TRY IT ::
Could the lines from the line bearing "CarOnSale und AlphaOnline" to the end of the records below be copied exactly, with the pictures left out and no other lines added?

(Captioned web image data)
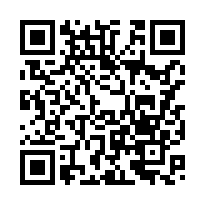 臺灣屏東 地方法院	115司執字第010666號 (壬股)-QR CODE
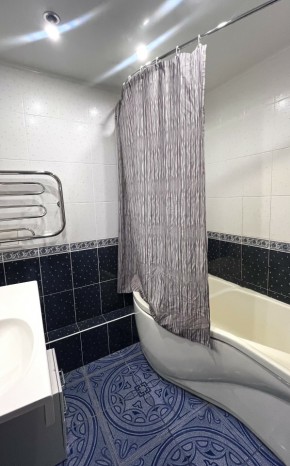 ул. Ясная,22г в Нижние Серги - nizhnie-sergi.yutvil.ru - фото 11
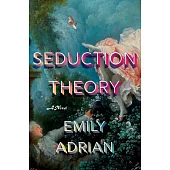 Seduction Theory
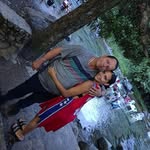 Pedro Jose Perez Bencosme - @pedroperez54 - Instagram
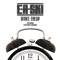 Wake Em Up (feat. Tech N9ne & Too $hort) - E-A-Ski lyrics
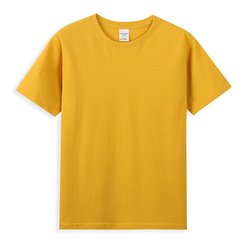 color10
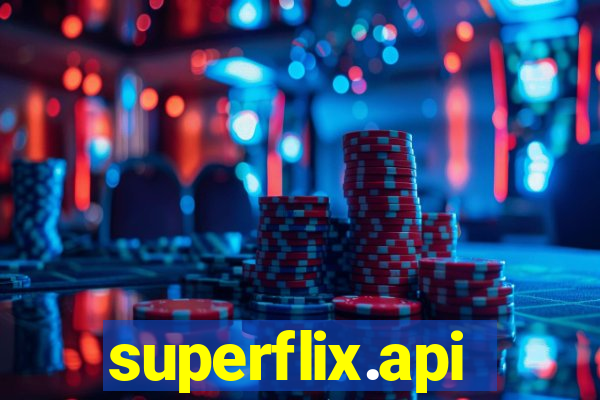 superflix.api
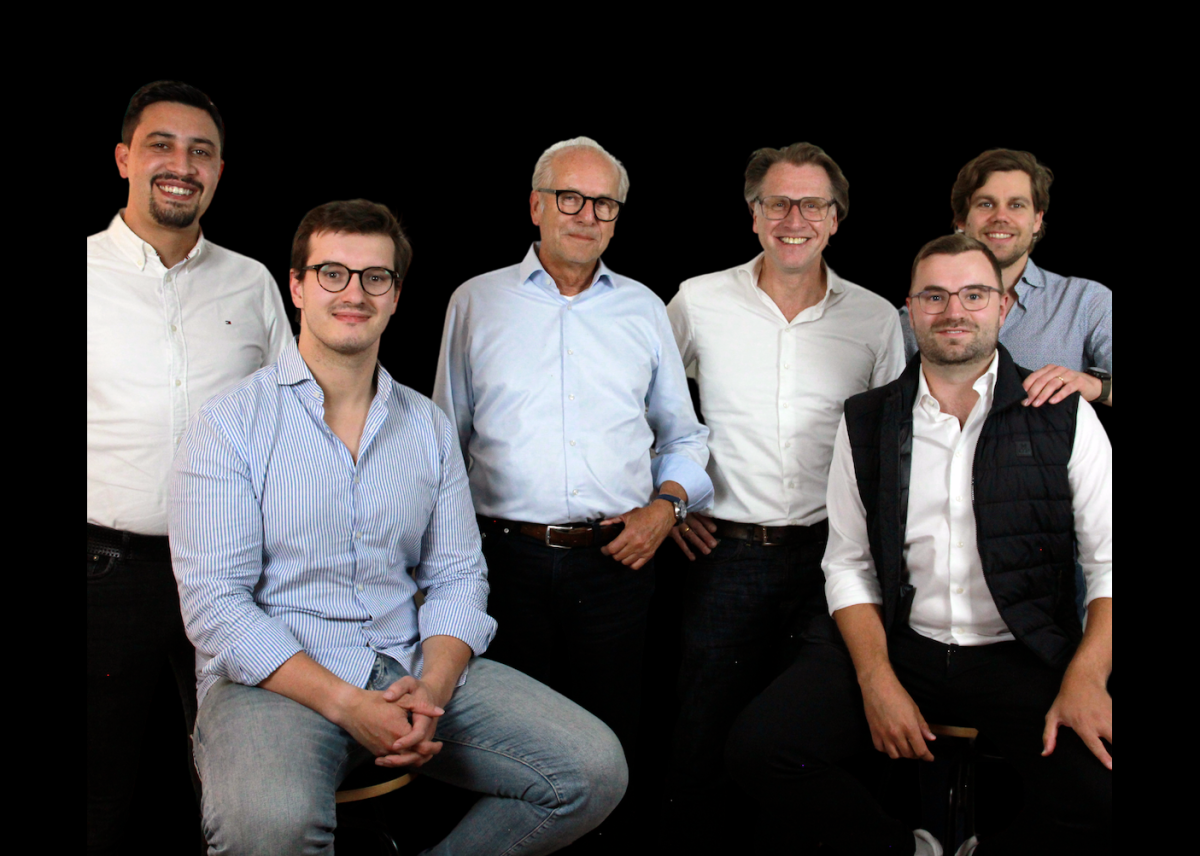 CarOnSale und AlphaOnline vereinen Kräfte, um ihren Kunden reibungslose Ende-zu-Ende Prozesse im Gebrauchtwagengeschäft zu bieten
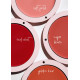BLUSH BALM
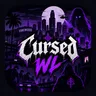Cursed Wl's icon
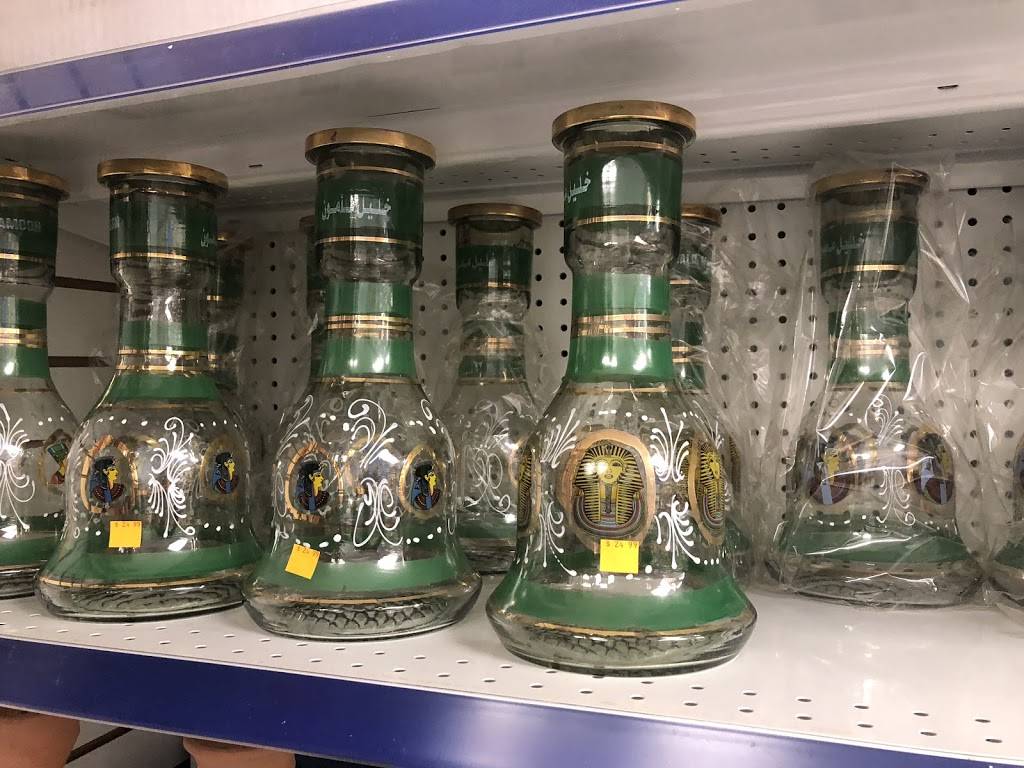 Almadenah Halal Meat Market | restaurant | 367 Lyell Ave, Rochester, NY 14606, USA | 5852544343 OR +1 585-254-4343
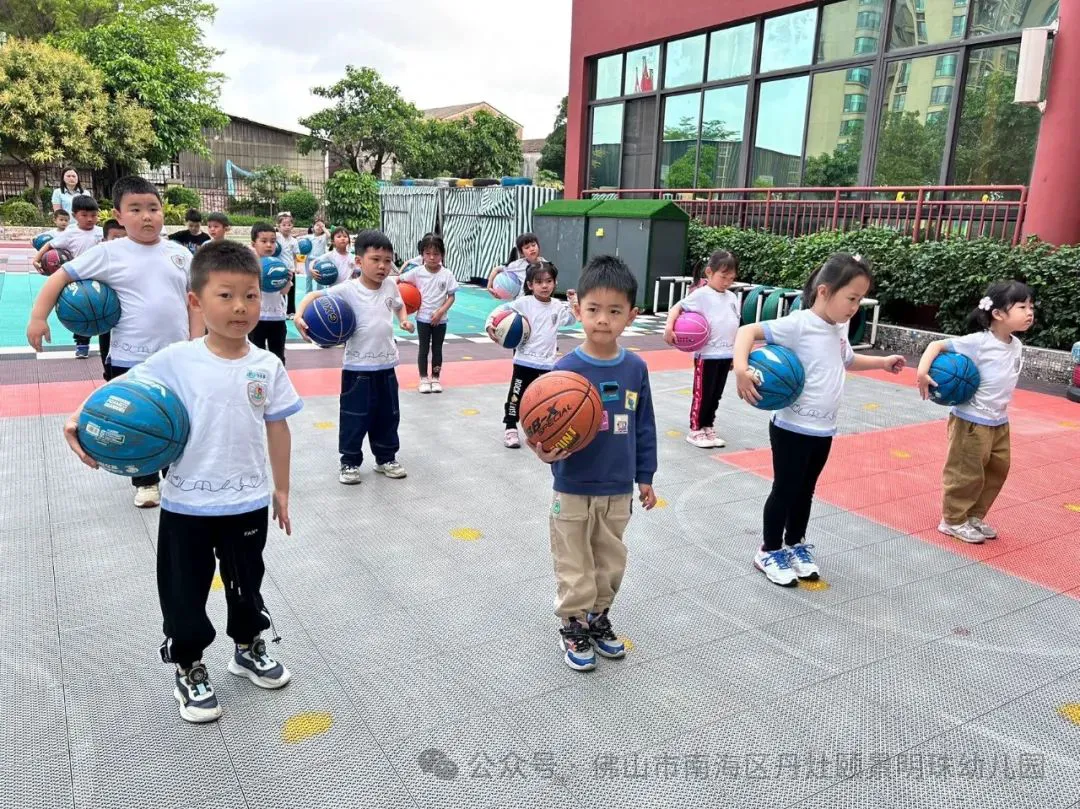 为什么篮球不同位置需要不同的训练重点_1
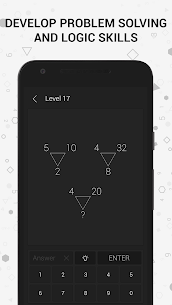 Math | Riddles and Puzzles Mat 3
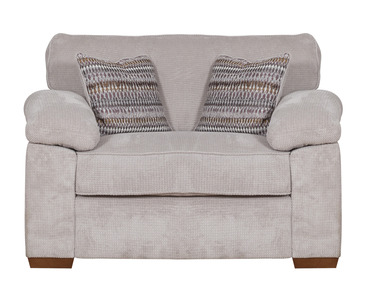 Love Chair
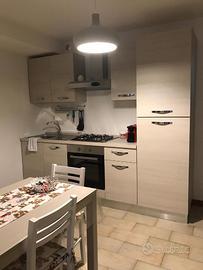 Appartamento Taranto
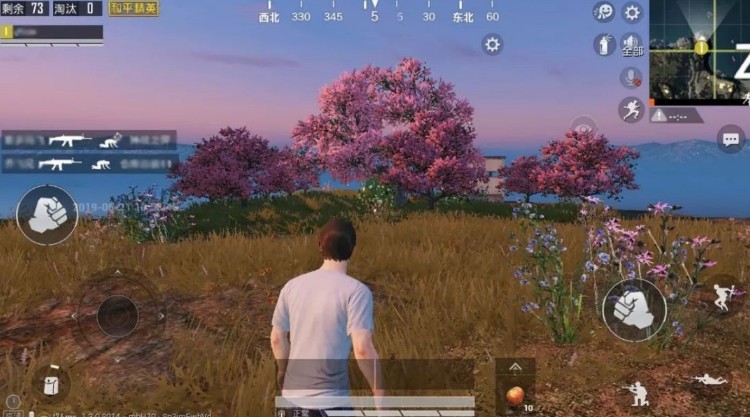 和平精英七夕合照任務(wù)怎么做？七夕合照任務(wù)攻略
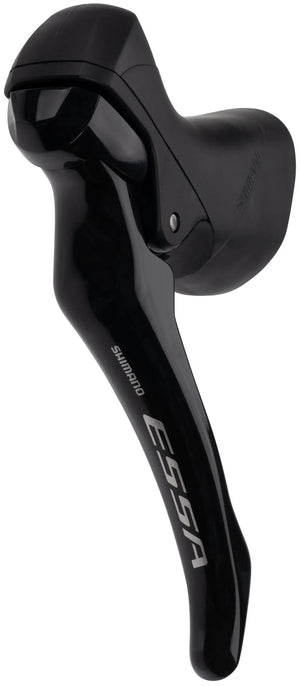 Shimano bremshebel essa bl-u2030 shim.brake lever essa li renn eblu2030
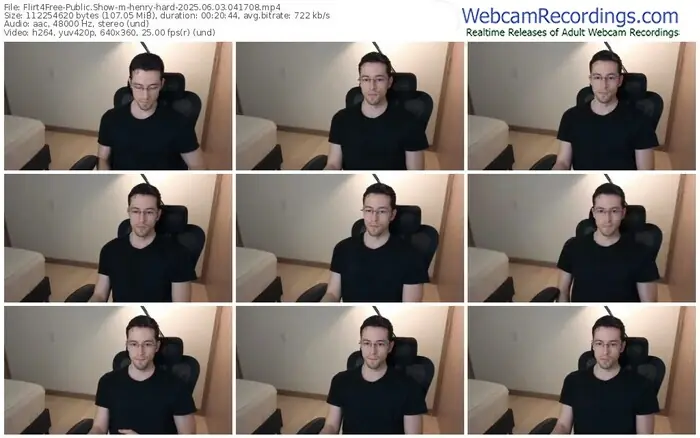 flirt4free-henry-hard-06-03-2025-04-17-08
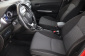 Suzuki Vitara, 2022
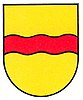 Mittelbach coat of arms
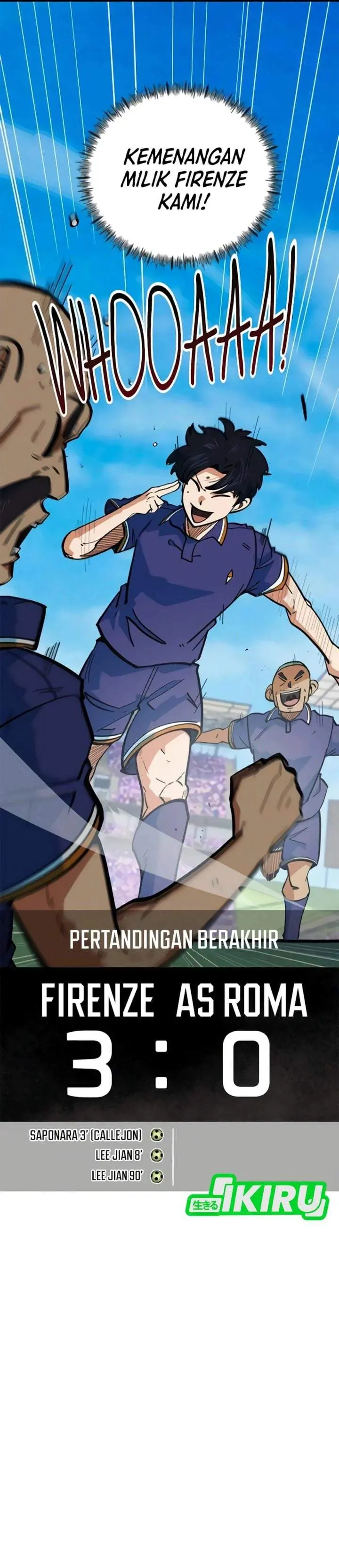 Halaman 33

ANSWER ::
 CarOnSale und AlphaOnline vereinen Kräfte, um ihren Kunden reibungslose Ende-zu-Ende Prozesse im Gebrauchtwagengeschäft zu bieten
BLUSH BALM
Cursed Wl's icon
 Almadenah Halal Meat Market | restaurant | 367 Lyell Ave, Rochester, NY 14606, USA | 5852544343 OR +1 585-254-4343
 为什么篮球不同位置需要不同的训练重点_1
 Math | Riddles and Puzzles Mat 3
 Love Chair
 Appartamento Taranto
 和平精英七夕合照任務(wù)怎么做？七夕合照任務(wù)攻略
 Shimano bremshebel essa bl-u2030 shim.brake lever essa li renn eblu2030
 flirt4free-henry-hard-06-03-2025-04-17-08
 Suzuki Vitara, 2022
 Mittelbach coat of arms
 Halaman 33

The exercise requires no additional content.